Dunque, prima di parlare con Trump, Xi ha avuto una conversazione di quasi un’ora e mezza con Vladimir Putin. La ‘finestra scelta’, lo abbiamo già sottolineato, era quella della scadenza del New Start, ma in sostanza il confronto ha riguardato il possibile salto di qualità delle relazioni (già molto strette) tra Cina e Russia.
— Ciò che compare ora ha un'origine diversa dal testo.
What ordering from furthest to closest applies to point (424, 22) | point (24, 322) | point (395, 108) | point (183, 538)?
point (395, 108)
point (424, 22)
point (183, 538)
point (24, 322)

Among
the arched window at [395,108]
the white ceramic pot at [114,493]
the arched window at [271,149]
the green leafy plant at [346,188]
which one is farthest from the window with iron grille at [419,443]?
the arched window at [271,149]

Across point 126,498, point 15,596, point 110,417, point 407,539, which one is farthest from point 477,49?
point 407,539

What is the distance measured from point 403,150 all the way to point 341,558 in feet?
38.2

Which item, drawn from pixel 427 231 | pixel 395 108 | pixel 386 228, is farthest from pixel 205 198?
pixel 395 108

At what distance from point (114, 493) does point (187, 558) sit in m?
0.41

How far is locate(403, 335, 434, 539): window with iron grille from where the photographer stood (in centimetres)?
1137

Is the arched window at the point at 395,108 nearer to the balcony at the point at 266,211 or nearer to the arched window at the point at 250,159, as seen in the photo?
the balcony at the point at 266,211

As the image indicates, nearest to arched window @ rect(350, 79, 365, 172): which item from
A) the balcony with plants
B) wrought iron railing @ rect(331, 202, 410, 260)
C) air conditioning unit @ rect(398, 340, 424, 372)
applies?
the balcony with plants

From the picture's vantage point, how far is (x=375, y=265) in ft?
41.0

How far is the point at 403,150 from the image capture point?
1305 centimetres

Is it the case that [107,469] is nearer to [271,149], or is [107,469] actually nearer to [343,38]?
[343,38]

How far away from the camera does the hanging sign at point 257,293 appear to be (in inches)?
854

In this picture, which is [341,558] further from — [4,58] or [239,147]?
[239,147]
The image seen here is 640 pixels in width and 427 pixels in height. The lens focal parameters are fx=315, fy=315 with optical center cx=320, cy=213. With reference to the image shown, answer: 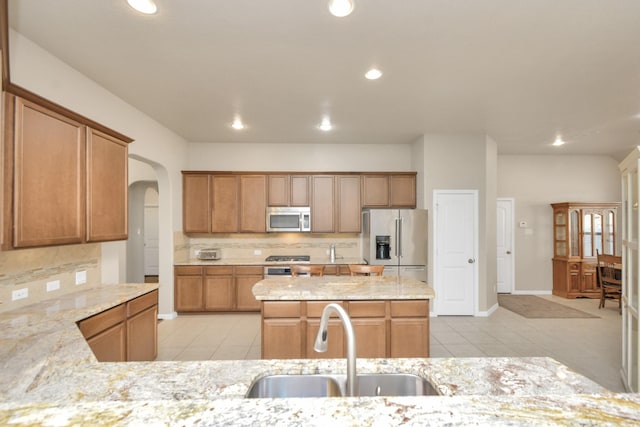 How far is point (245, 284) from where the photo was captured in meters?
5.12

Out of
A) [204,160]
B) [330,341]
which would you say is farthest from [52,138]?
[204,160]

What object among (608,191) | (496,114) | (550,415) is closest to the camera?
(550,415)

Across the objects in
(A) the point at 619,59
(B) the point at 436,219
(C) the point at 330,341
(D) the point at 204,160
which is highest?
(A) the point at 619,59

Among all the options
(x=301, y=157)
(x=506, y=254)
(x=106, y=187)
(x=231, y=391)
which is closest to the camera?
(x=231, y=391)

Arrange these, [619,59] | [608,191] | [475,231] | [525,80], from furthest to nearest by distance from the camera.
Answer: [608,191], [475,231], [525,80], [619,59]

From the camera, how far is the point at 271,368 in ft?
4.25

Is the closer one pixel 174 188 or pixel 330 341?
pixel 330 341

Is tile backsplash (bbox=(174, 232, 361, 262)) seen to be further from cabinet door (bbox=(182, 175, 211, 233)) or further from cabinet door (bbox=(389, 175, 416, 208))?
cabinet door (bbox=(389, 175, 416, 208))

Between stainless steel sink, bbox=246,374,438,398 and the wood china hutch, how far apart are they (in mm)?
6761

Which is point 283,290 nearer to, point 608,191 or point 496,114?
point 496,114

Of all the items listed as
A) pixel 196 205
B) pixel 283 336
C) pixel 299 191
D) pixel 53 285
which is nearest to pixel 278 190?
pixel 299 191

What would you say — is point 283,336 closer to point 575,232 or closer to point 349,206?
point 349,206

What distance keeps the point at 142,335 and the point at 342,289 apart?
1.97m

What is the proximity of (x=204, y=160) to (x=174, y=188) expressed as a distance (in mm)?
841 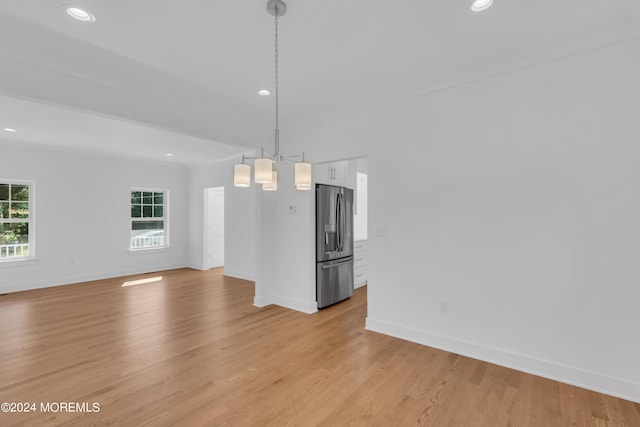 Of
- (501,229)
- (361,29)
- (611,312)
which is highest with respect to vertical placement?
(361,29)

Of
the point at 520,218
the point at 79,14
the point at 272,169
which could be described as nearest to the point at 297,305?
the point at 272,169

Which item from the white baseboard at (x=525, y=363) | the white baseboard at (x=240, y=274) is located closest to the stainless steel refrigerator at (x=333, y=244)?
the white baseboard at (x=525, y=363)

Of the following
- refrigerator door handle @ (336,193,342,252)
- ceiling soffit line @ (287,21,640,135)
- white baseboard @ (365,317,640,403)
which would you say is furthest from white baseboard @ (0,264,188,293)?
ceiling soffit line @ (287,21,640,135)

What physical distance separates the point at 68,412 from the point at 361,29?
11.4 ft

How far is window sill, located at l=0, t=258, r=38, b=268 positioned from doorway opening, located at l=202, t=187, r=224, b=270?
3186 millimetres

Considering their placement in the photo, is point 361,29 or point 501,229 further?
point 501,229

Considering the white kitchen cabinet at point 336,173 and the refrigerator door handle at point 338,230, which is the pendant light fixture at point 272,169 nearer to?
the white kitchen cabinet at point 336,173

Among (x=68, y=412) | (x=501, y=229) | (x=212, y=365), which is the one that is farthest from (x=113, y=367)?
(x=501, y=229)

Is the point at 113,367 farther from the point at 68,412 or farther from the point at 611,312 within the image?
the point at 611,312

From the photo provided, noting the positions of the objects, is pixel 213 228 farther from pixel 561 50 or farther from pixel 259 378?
pixel 561 50

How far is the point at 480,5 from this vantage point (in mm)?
1953

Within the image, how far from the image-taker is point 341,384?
245cm

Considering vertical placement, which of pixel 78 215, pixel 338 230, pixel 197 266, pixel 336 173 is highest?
pixel 336 173

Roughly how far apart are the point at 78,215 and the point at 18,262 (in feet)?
4.09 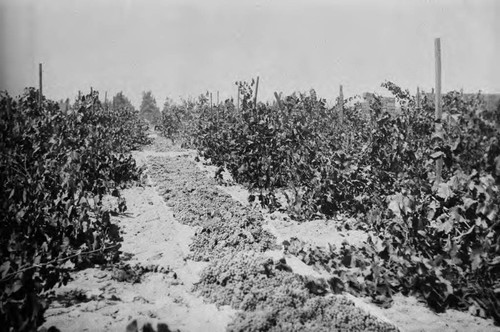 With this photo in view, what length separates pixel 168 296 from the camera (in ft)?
11.4

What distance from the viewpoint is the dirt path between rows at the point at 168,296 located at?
290 cm

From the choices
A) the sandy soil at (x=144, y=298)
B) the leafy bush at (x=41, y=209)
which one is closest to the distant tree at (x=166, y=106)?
the leafy bush at (x=41, y=209)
Un aggiornamento che porterebbe il ‘partenariato’ ad assumere i connotati di una vera e propria alleanza strategica. Così, riporta il SCMP di Hong Kong, «Xi ha detto al suo omologo russo, Vladimir Putin, che Pechino e Mosca dovrebbero collaborare per la stabilità globale e che è necessario un ‘grande piano’ per sviluppare i legami tra le due nazioni».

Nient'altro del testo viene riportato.